4:42 PM - The customer thank-you
A different email arrives. It's from Diane Cho at Cho & Associates, one of my earliest customers. She writes:
"I closed three deals in the last two weeks that I'm confident I would have lost with my old workflow. Your intake forms are cutting my follow-up time in half. I'm running the numbers this afternoon, but I think I'm adding fifteen hundred a month in closed-rate improvement. Wanted you to know it's working. Tell me when you're ready to talk about team accounts."
I read this three times. I screenshot it and add it to a folder on my desktop called "Why I Do This." Then I respond. I ask her about the specific deals, what the intake forms changed about her process, and whether the follow-up sequences were the bottleneck or the initial form itself. She's hinting at upsell - team accounts - but I want to understand her use case properly before I build something wrong.
5:55 PM - Close-out
I scan the Slack channels one more time. No urgent alerts. The agent in Milwaukee who I flagged about the subject line approved my revision and launched the campaign. The LinkedIn lead from this morning, the second one, is now showing up in our "Welcome Email Sent" event log. That means she opened the product tour.

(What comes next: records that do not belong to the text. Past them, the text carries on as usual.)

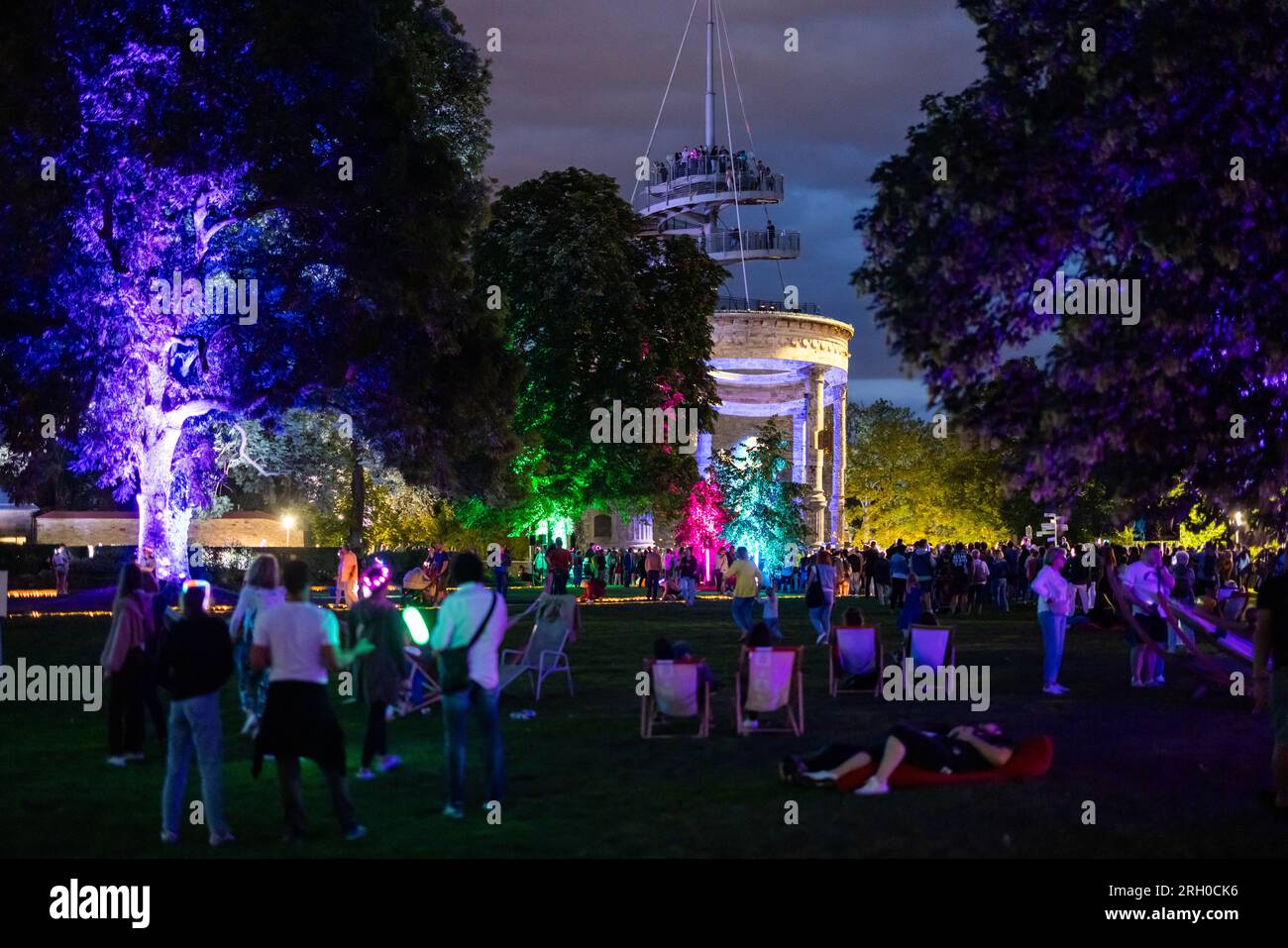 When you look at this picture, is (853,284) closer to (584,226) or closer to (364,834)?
(364,834)

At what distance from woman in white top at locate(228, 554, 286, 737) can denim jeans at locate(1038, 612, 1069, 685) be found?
939 centimetres

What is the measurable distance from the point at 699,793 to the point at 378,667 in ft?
10.3

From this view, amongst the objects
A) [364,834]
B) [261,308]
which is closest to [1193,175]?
[364,834]

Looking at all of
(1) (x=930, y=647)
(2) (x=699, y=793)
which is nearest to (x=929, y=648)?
(1) (x=930, y=647)

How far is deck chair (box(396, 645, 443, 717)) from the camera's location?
58.4 feet

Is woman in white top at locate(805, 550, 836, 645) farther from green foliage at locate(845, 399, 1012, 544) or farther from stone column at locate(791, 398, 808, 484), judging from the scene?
green foliage at locate(845, 399, 1012, 544)

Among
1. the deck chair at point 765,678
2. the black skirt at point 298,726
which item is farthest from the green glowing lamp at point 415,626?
the black skirt at point 298,726

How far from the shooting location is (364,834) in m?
10.4

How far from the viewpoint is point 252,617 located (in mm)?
14391

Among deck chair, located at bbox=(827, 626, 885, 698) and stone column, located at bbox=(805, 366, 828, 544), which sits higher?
stone column, located at bbox=(805, 366, 828, 544)

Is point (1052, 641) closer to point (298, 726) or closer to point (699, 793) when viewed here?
point (699, 793)

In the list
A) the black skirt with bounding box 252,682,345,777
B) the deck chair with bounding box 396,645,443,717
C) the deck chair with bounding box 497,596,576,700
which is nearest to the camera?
the black skirt with bounding box 252,682,345,777

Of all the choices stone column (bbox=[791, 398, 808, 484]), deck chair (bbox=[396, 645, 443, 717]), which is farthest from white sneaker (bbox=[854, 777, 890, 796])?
stone column (bbox=[791, 398, 808, 484])

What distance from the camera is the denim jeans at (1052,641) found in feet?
62.5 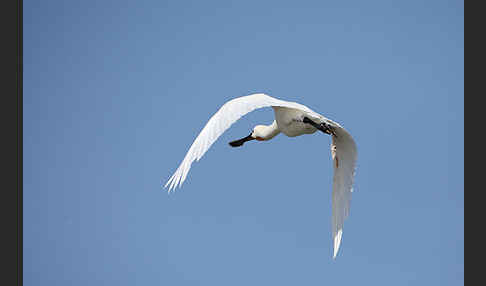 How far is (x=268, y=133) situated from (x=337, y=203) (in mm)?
2321

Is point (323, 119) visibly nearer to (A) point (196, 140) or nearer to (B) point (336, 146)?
(B) point (336, 146)

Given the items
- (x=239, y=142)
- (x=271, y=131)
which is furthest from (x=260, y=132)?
(x=239, y=142)

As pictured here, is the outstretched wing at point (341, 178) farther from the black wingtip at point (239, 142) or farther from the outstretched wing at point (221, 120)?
the black wingtip at point (239, 142)

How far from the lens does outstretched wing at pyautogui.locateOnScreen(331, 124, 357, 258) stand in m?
15.2

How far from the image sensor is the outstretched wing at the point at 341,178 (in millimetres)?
15172

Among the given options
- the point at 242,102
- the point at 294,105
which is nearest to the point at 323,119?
the point at 294,105

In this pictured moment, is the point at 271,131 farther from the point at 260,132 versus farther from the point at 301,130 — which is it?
the point at 301,130

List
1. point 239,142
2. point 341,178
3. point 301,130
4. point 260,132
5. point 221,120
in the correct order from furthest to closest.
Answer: point 239,142, point 260,132, point 341,178, point 301,130, point 221,120

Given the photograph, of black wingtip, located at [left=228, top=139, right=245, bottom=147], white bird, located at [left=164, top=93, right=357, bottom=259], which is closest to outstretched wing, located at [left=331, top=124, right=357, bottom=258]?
white bird, located at [left=164, top=93, right=357, bottom=259]

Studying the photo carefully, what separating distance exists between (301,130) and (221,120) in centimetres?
314

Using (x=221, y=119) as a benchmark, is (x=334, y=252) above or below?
below

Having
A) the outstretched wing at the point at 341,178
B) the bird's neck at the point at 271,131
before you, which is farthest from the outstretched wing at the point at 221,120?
the bird's neck at the point at 271,131

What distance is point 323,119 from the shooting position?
14.3m

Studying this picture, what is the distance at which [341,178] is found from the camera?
15750 millimetres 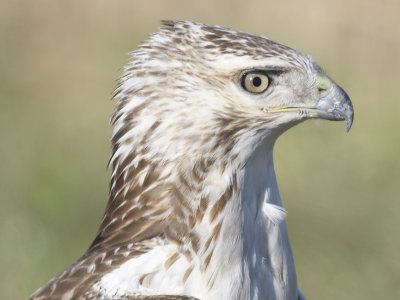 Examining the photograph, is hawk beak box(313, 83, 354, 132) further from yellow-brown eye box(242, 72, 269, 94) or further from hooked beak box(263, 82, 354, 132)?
yellow-brown eye box(242, 72, 269, 94)

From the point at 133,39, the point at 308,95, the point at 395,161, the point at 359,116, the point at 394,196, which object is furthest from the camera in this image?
the point at 133,39

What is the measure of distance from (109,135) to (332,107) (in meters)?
5.94

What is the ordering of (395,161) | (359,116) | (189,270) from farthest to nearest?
(359,116) → (395,161) → (189,270)

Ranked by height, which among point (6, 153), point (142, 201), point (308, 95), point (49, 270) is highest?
point (308, 95)

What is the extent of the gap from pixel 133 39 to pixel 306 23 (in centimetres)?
220

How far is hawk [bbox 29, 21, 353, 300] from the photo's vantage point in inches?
167

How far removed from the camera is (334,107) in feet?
14.8

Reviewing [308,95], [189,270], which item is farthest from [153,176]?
[308,95]

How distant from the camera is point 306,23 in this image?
36.8 feet

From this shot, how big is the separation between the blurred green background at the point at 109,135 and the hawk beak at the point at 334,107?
3466 millimetres

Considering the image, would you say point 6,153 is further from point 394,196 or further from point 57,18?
point 394,196

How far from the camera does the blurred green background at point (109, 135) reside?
8242mm

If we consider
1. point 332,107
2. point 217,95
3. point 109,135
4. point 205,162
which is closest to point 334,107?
point 332,107

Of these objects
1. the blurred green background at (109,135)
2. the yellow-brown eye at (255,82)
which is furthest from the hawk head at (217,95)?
the blurred green background at (109,135) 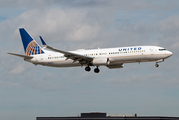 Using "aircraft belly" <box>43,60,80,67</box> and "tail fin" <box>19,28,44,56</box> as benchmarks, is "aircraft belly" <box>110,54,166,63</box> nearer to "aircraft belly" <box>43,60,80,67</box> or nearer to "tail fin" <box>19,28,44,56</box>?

I look at the spreadsheet where I track all my numbers. Week-to-date: five hundred and twenty-three dollars. Current customer count: seventeen active, one paused (Janet, pending her next check-in), one dormant (Derek). Monthly churn rate: 5 percent. Monthly growth rate: about 40 percent. The margins are thin but real. I'm not selling Cadillacs. I'm selling gasoline to people who need to stop wasting it on slow paperwork.
I close the admin panel, then Slack, then Gmail. I stand up and walk away from the desk at 5:55 PM. The work isn't done - it never is - but it's the moment where I stop pushing. Tomorrow there will be new signups to approve, more duplicate-send reports to investigate, customers to onboard, maybe another refund request. Today, I fixed a bug, spotted a customer who was about to churn and turned her around with honesty, closed a contract on honest terms, and helped someone understand what our product actually does.
Second month in, and it still feels like real work. But the work is proportional to the outcome. The AI handles what it handles. I handle everything it can't. And so far, that seems to be the math that holds.